Retaliatory attacks launched by companies without strong technology skills or judgment could lead to considerable collateral damage, he said.
"A nation has sovereign privileges in the use of force. Companies do not," argued Lewis, who chaired a committee that developed a set of cybersecurity recommendations for President Barack Obama during his first term.
Companies should focus more on shoring up their defenses, rather than on retaliation, said John Pescatore, director of emerging security trends at the SANS Institute. "The idea has no business or security merit, which is why even though it comes up every five years or so, it never gets adopted."
At the end of the day, a company that cannot adequately defend itself is hardly likely to be in a position to launch an effective counterattack, he said.
"Think about it.
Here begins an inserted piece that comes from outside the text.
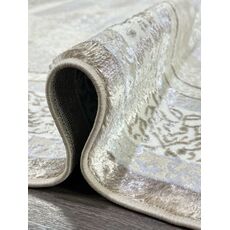 Ковер PLATINIUM 1.2х1.8 Q015A_VIZON FDY / CREAM SHRINK Полиэстер Турция, фото , изображение 12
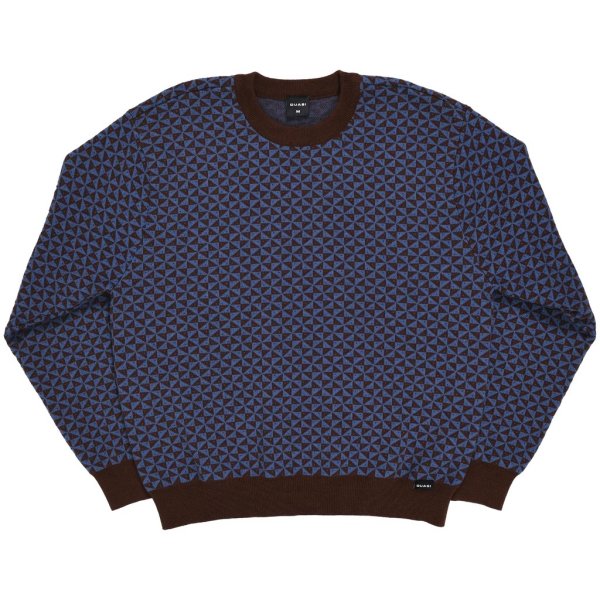 画像1: QUASI | TRIG SWEATER - BLUE (1)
If you can't protect yourself in the first place, putting your resources towards retaliation means less resources on protection -- and more attacks against you. Not a smart mix," Pescatore said.
Richard Stiennon, principal at security consultancy IT-Harvest, agreed that companies should avoid the temptation to take on cyberattackers directly. "The realm of cybercrime and cyber espionage is already a free for all. Adding well meaning but easily misguided corporate efforts would be a disaster," Stiennon said.
"It is frustrating that there are no cyber police you can call when you are attacked," he noted. The best that a company can do is to quickly determine the nature of an attack, the likely source, and the likely data target. Then, it must take steps to enhance its own security.
"Take an attack as a penetration test you did not have to pay for. Learn from it and grow your defenses," he said.